I trust the interface much less. Just this week I had to send back two things
that were mistakenly ordered. One was clothing. I set the size I wanted, then
clicked on the color I wanted. The size I wanted wasn't available, so it
switched the size without telling me. The other was a tool. I was searching
for Dremel sanding accessories. Mixed in with Dremel-specific stuff were
things that weren't compatible, but I didn't notice the switch.

It is now packed with ads of various forms. I want them to be on my side,
showing me the best stuff. But instead, they are getting paid to show me stuff
without regard to quality or usefulness.

The mixing in of stuff from others stores is another area where my trust has
declined. If it were a separate site, that would be fine. But when I want to
just buy something from Amazon, I now have to evaluate a bunch of possibly-
dubious vendors on the basis of too-little information.

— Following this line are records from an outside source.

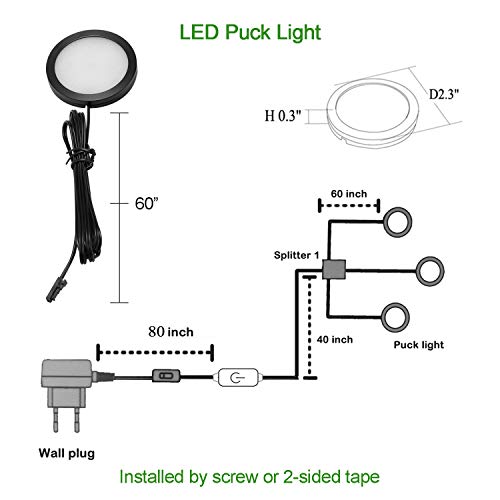 AIBOO Under Cabinet LED Black Cover Puck Lighting Kit with Touch Dimmer Switch for Kitchen Cupboard Closet Lighting (3 Lights,Warm White) (Pack of 2) - color: Warm White, size: 3 lights (Pack of 2)
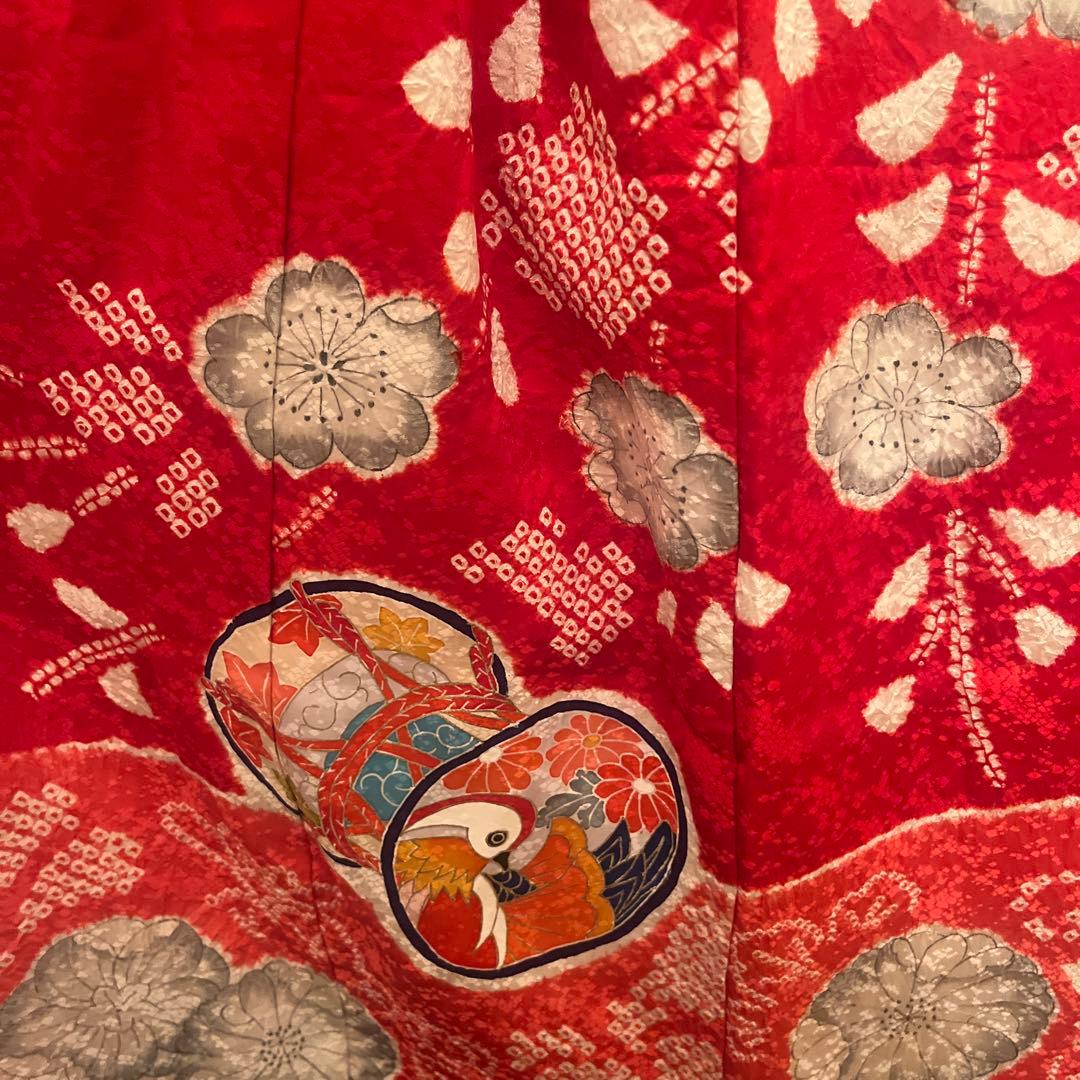 七五三 着物 7歳 女の子 正絹 本絞り 手描き友禅 古典柄 赤 祝い着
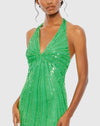 Sequin halter strap V neck column gown - Spring Green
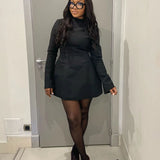 Robe Mini en Coton Sans Dos Nymera – Robe Élégante pour les Fêtes d'Automne/Hiver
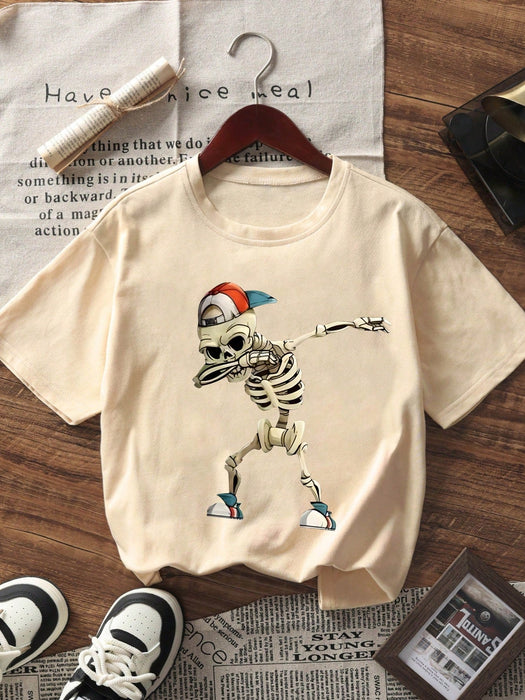 SHEIN Camiseta con estampado de esqueleto para niño preadolescente - Quierox - Tienda Online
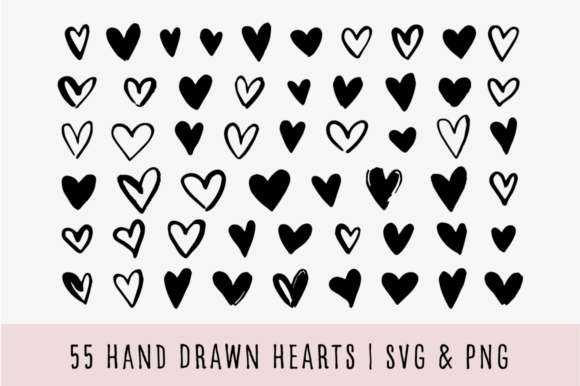 Download Hand Drawn Doodle Hearts Svg - Hand Collection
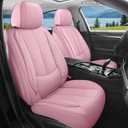 Bling Car Seat Covers Full Set, Luxury Faux Leather Car Seat Covers Waterproof Non-Slip Seat Protector Universal Fit for Most Cars SUVs Trucks Pick-ups,Car Accessories Interior for Women(Pink)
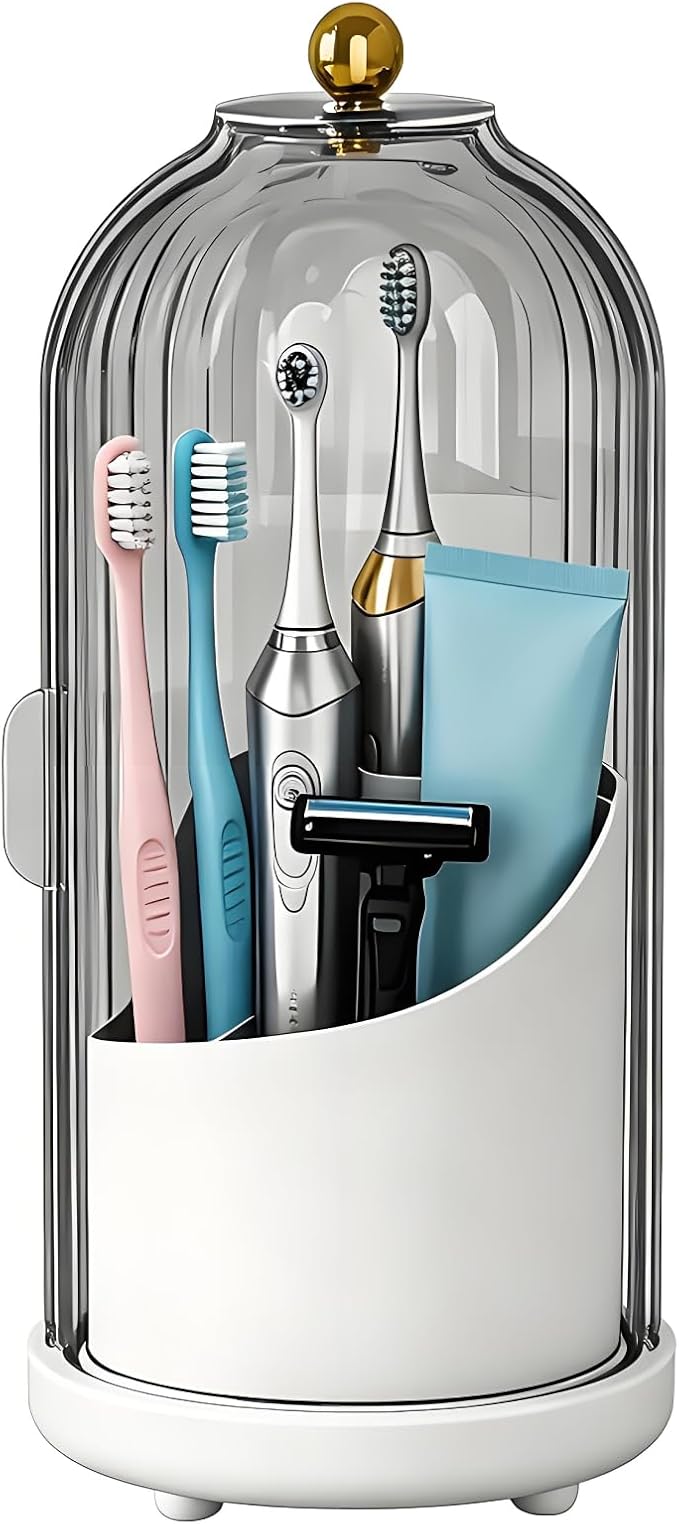 JEESA Dustproof Toothbrush Holder Organizer with Drainage, Grey | Sliding Door Cover, 360 Rotating, 3 Slots, Bathroom Countertop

The reports of counterfeit products and comingled inventory has left me much
more skeptical when buying things there.

The reports of terrible warehouse work conditions mean that I trust them less
to take care of the people doing the work.

The way many people are now making bank doing store arbitrage, where they buy
things at Target, Walmart, Trader Joes, etc, and sell it at high markups means
I trust the pricing much less. I also suspect Amazon of marking things up more
now than they used to.

And finally, their experiments with various shipping options means less
reliable delivery. If something comes via UPS or Fedex, I know when it will
arrive and trust the drivers will put it in the right place. But their various
other shippers provide a different and usually worse experience.

When they started, it was magic. They took all the confusion and stress out of
mail order. Now they've slowly been putting it back in. I'm sure it has
increased the revenue metrics of various sub-sub-teams. But they've taken me
from being a loyal customer to one ready to switch.

------
arturnt
I run engineering at Deliverr. Happy to answer any questions.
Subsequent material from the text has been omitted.